- WHAT THE TASK ASKS: From the material below, copy exactly the lines beginning with the one that contains "A senior woman" and ending with the one that contains "Postel nebo postele"; the pictures stay out.

- RAW DATA:
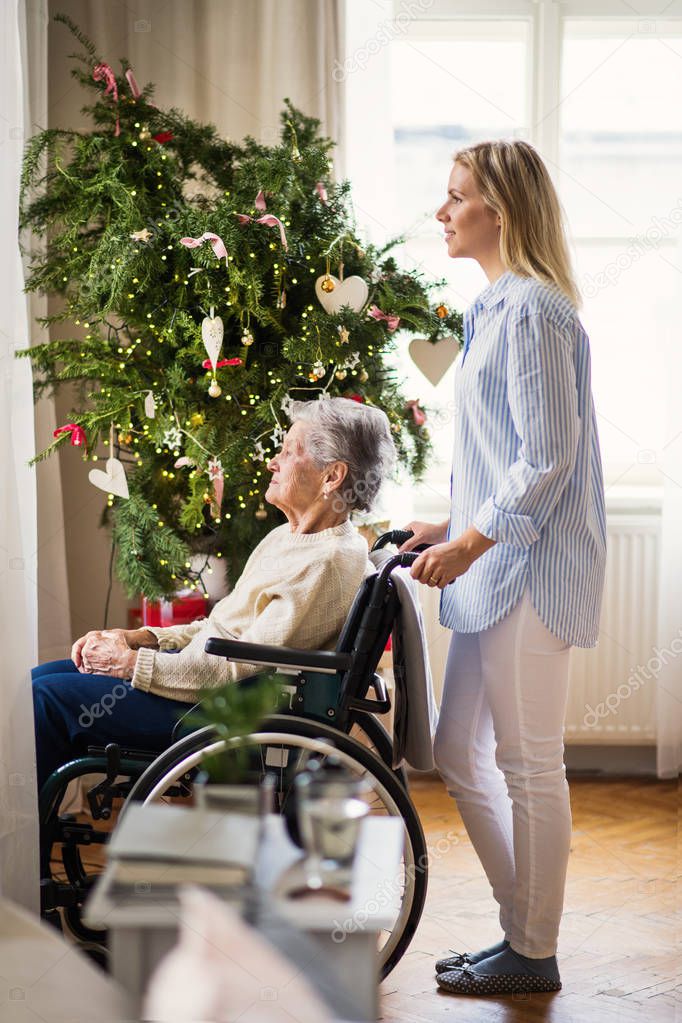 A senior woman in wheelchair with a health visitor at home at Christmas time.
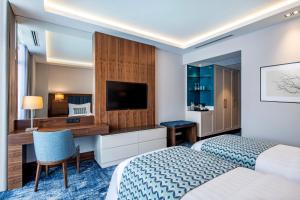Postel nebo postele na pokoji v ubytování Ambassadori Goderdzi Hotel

* * *

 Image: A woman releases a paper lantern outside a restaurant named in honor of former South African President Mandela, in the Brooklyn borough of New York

--

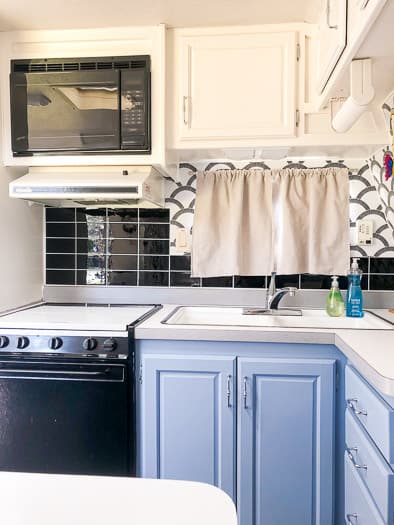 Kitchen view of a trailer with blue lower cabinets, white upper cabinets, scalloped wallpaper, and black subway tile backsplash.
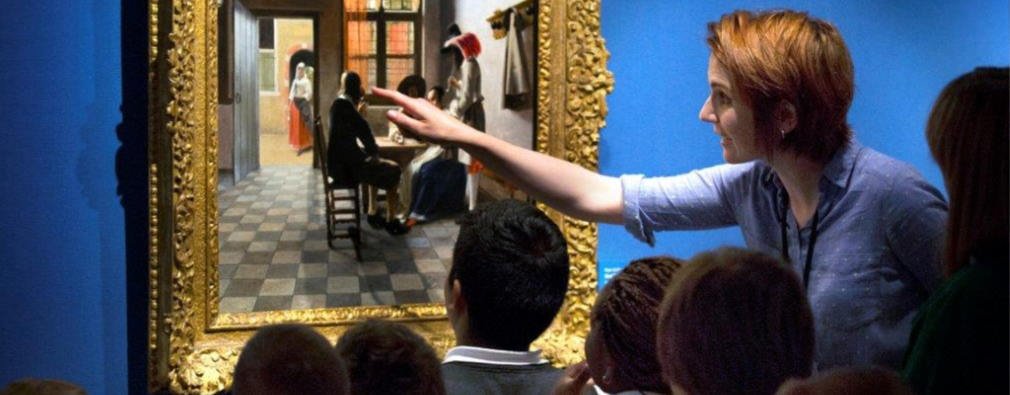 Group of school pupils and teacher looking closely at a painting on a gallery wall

- TASK RESPONSE:
 A senior woman in wheelchair with a health visitor at home at Christmas time.
Postel nebo postele na pokoji v ubytování Ambassadori Goderdzi Hotel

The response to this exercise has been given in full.